# Masters



## john433 (Mar 20, 2013)

Past Philadelphia masters test pretty stoked today


----------



## Cajunhiker (Dec 14, 2009)

Congratulations.


----------



## MTDUNN (Oct 9, 2011)

Grats! Treat it like a baby and give me a cigar!


----------



## DUNBAR PLUMBING (Sep 11, 2008)

Congrats. You've accomplished what only a small percentage of men in the United States ever have the title of becoming.


----------



## PlumbDumber (Aug 7, 2013)

Congratz !!


----------



## john433 (Mar 20, 2013)

Thanks a lot guys it is def a accomplishment


----------



## Tommy plumber (Feb 19, 2010)

....:thumbsup:....congratulations to you sir!


----------



## Cal (Jun 17, 2008)

Outstanding !!


----------



## Lja1821 (Jul 27, 2013)

Congrats:thumbup:


----------



## plbgbiz (Aug 27, 2010)

:clap::clap::clap::clap:


----------



## tims007 (Aug 31, 2013)

Sweet


----------



## integrity (Sep 20, 2013)

Congrats. I'm waiting on my results for ky master exam. It's been a week now.

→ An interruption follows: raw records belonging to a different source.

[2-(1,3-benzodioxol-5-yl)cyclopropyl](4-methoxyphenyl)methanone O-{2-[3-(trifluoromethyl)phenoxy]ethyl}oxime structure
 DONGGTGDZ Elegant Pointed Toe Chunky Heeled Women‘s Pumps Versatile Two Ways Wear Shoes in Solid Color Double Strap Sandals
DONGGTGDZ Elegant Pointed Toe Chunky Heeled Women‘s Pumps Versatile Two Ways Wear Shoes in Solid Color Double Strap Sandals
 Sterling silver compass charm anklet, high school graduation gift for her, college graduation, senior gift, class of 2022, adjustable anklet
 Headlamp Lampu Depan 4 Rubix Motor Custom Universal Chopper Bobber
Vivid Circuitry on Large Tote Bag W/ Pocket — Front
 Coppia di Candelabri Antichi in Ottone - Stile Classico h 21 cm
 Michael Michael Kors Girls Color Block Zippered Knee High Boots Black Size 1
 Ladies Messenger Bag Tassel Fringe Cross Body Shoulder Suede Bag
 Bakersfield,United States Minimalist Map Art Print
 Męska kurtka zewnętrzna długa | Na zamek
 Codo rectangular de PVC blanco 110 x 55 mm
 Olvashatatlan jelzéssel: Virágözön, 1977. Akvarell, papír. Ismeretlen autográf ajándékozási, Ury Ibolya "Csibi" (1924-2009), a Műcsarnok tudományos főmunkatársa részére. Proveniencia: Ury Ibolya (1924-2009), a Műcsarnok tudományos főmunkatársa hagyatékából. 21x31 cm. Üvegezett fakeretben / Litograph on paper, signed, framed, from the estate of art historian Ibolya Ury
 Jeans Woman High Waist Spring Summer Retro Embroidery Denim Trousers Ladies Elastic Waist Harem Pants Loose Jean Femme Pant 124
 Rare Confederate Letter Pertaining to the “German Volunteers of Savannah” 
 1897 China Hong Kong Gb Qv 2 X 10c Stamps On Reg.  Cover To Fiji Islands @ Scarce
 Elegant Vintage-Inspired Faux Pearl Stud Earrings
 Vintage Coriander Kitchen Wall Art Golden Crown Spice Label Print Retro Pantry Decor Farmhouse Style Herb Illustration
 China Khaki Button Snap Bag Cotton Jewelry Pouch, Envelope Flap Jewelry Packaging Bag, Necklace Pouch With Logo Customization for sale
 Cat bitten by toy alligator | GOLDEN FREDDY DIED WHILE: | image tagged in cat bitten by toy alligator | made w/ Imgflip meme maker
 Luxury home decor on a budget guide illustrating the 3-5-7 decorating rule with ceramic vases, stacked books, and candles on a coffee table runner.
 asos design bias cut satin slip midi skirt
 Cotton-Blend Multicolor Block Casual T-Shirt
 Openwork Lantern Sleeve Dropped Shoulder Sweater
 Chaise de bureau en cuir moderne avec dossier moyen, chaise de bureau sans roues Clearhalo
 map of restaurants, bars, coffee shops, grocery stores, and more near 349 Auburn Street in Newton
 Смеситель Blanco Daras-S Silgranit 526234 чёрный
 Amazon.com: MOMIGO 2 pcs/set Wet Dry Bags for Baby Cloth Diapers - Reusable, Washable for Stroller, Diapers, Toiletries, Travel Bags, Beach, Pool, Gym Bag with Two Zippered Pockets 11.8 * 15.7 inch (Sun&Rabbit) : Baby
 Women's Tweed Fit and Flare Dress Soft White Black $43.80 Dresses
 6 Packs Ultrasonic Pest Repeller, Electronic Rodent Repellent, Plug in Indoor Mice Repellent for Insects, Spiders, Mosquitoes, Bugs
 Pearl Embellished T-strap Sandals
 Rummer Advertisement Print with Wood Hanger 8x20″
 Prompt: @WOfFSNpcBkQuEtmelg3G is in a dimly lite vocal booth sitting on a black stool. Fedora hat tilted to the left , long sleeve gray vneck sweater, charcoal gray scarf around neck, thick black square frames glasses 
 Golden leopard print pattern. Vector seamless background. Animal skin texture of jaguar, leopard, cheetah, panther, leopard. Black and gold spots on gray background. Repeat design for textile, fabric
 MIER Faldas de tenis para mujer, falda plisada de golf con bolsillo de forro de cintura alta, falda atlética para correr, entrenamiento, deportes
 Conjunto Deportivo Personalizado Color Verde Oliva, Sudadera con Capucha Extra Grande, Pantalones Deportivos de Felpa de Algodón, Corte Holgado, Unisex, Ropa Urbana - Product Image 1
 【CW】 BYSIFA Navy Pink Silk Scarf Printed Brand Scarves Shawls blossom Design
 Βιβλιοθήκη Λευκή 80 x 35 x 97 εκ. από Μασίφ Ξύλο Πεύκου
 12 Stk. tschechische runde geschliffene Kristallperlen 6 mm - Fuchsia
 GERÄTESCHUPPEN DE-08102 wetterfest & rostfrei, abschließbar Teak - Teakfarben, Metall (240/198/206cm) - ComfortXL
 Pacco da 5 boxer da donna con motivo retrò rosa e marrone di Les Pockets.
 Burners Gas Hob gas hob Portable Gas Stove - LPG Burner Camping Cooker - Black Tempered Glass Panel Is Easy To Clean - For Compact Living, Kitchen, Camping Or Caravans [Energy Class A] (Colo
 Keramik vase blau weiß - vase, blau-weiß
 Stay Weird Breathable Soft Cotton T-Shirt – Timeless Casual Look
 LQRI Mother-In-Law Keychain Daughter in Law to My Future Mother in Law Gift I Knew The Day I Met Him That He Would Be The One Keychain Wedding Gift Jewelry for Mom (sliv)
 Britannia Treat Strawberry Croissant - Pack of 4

Well done my friend!!! Well done


----------



## NORTHSTAR (Sep 16, 2010)

congrats :thumbup:


----------



## john433 (Mar 20, 2013)

Thanks man ours you got the results the same day witch was nice all ready registered with state city Feds and all of that good stuff ready or not lol


----------



## vinpadalino (Aug 27, 2010)

Nice job


----------